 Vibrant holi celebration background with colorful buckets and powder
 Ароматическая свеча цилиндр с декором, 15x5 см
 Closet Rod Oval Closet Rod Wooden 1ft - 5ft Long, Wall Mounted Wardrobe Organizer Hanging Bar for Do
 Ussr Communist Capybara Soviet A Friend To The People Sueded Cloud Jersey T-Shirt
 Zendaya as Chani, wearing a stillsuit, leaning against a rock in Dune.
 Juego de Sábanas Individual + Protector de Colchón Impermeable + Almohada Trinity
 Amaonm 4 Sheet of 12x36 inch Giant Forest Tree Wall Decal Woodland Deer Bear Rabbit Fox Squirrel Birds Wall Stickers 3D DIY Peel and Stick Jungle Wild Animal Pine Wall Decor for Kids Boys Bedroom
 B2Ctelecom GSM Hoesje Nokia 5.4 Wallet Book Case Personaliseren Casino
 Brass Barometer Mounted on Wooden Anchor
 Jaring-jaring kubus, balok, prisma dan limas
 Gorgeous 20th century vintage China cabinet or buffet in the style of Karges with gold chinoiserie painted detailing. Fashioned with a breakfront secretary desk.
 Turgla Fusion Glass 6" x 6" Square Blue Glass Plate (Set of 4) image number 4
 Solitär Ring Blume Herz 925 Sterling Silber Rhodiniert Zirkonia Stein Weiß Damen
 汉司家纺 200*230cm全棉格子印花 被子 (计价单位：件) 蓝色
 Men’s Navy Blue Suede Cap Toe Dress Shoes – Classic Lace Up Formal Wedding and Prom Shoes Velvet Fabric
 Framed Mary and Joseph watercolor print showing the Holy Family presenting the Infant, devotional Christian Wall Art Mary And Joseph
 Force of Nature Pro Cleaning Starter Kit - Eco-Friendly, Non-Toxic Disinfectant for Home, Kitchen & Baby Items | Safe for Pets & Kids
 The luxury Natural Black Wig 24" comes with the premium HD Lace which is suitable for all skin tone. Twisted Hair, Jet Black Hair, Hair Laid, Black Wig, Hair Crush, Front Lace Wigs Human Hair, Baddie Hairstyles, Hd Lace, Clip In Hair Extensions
+++
The answer is the lines above between the line holding "Ussr Communist Capybara" and the line holding "Force of Nature", inclusive, each written out exactly, and no others.

### Answer area:
 Ussr Communist Capybara Soviet A Friend To The People Sueded Cloud Jersey T-Shirt
 Zendaya as Chani, wearing a stillsuit, leaning against a rock in Dune.
 Juego de Sábanas Individual + Protector de Colchón Impermeable + Almohada Trinity
 Amaonm 4 Sheet of 12x36 inch Giant Forest Tree Wall Decal Woodland Deer Bear Rabbit Fox Squirrel Birds Wall Stickers 3D DIY Peel and Stick Jungle Wild Animal Pine Wall Decor for Kids Boys Bedroom
 B2Ctelecom GSM Hoesje Nokia 5.4 Wallet Book Case Personaliseren Casino
 Brass Barometer Mounted on Wooden Anchor
 Jaring-jaring kubus, balok, prisma dan limas
 Gorgeous 20th century vintage China cabinet or buffet in the style of Karges with gold chinoiserie painted detailing. Fashioned with a breakfront secretary desk.
 Turgla Fusion Glass 6" x 6" Square Blue Glass Plate (Set of 4) image number 4
 Solitär Ring Blume Herz 925 Sterling Silber Rhodiniert Zirkonia Stein Weiß Damen
 汉司家纺 200*230cm全棉格子印花 被子 (计价单位：件) 蓝色
 Men’s Navy Blue Suede Cap Toe Dress Shoes – Classic Lace Up Formal Wedding and Prom Shoes Velvet Fabric
 Framed Mary and Joseph watercolor print showing the Holy Family presenting the Infant, devotional Christian Wall Art Mary And Joseph
 Force of Nature Pro Cleaning Starter Kit - Eco-Friendly, Non-Toxic Disinfectant for Home, Kitchen & Baby Items | Safe for Pets & Kids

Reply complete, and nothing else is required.